Supplied data
====

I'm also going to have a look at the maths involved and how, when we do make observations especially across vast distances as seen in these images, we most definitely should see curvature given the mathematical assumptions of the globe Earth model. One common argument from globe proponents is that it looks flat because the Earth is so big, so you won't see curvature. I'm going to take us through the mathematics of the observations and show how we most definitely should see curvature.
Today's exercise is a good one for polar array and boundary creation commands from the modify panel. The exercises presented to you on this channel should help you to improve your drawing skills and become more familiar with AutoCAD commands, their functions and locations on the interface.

====

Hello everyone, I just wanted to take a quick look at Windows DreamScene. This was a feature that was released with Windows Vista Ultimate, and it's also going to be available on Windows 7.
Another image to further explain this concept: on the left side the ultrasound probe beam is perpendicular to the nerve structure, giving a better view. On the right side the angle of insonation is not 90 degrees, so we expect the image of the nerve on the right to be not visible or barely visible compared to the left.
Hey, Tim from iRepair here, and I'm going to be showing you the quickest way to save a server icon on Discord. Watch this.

====

Please state how many lines in the entries above include the word "should", giving only the number.

2